Corrosion is a common but predictable and preventable problem in the engineering field and can be defined as a pervasive process of deterioration of metals and alloys. It can be costly problem. Because of it, buildings and bridges may collapse or oil pipelines break. Corrosion is caused by several factors, including the properties of the materials involved, the environment of operation and the mode of operation. Many engineering components, like buried pipeline steels, are operated either under displacement control or stress/load control or both. As such, the stress corrosion cracking (SCC) observed on most buried pipeline steels are oriented in either the circumferential or along the pipe length directions.
SCC is generally a consequence of the synergistic interactions between the tensile stresses and the vulnerable materials when subjected to corrosive environments. Typically, pipeline steels exhibit two types of SCC cracking: high pH SCC and near-neutral pH SCC. The former involves the formation of corrosion-induced passivating films and the rupture of these films when the strain rate reaches a critical value. In contrast, near-neutral pH SCC is characterized by the interaction of pipeline steels with atomic hydrogen under variable stresses.

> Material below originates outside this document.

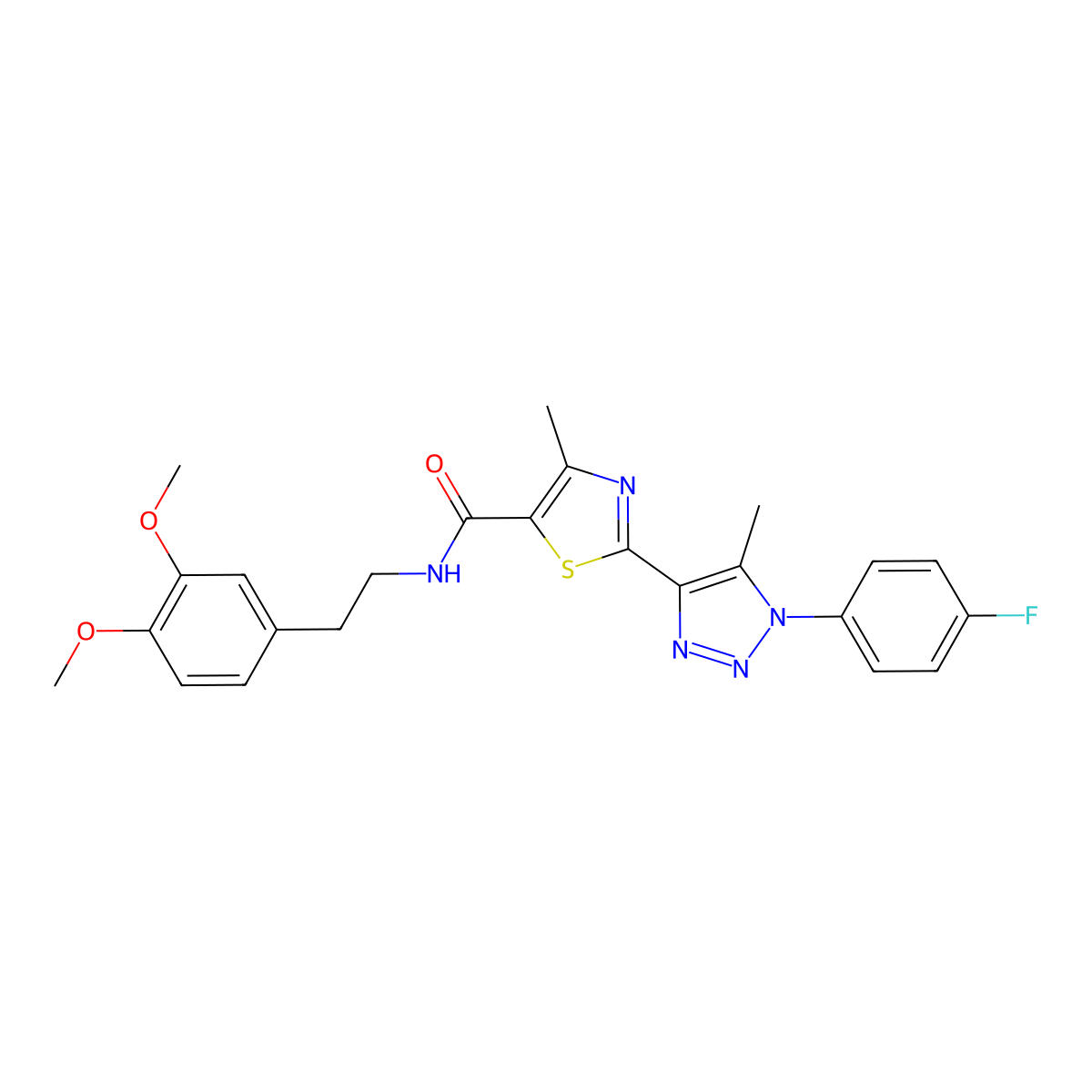 N-[2-(3,4-dimethoxyphenyl)ethyl]-2-[1-(4-fluorophenyl)-5-methyl-1H-1,2,3-triazol-4-yl]-4-methyl-1,3-thiazole-5-carboxamide molecular structure, CAS 1207038-96-7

Stress-strain curves is one of the best and most commonly used approaches to visualize the stress/strain rate variations and responses for steels. These curves can be divided into two: those with discontinuous yielding and those without discontinuous yielding. In pipeline steels, discontinuous yielding is attributed to two main factors: the dislocation locking following the exhaustion of mobile dislocations and the segregation of interstitial species.
For most stress-strain curves, the stress rate is usually linearly proportional to the strain rate in the elastic phase. However, higher stress beyond the upper yield point is often characterized by strain-shock, which involves much higher strain rates. Although the phenomenon of discontinuous yielding of pipeline steels is extensively studied in the literature, the impact of strain-shock in pipeline steels with discontinuous yielding on SCC is still not explored. This is mainly attributed to the limitations of the existing methods being used.
Herein, the University of Alberta researchers: Dr. Shidong Wang, Dr. Hamid Niazi and Professor Weixing Chen in collaboration with Dr. Lyndon Lamborn from Enbridge Pipelines Inc. investigated the occurrence of strain-shock associated with pipeline steels with discontinuous yielding and their corresponding effects on the early stage high pH SCC crack initiation and growth. Specifically, the study focused on hoop stress-driven longitudinal cracks in pipeline steels under load control. The characteristics of the strain rates in the pipeline steels with discontinuous yielding was also explored. Their work is currently published in the peer-reviewed journal, Corrosion Science.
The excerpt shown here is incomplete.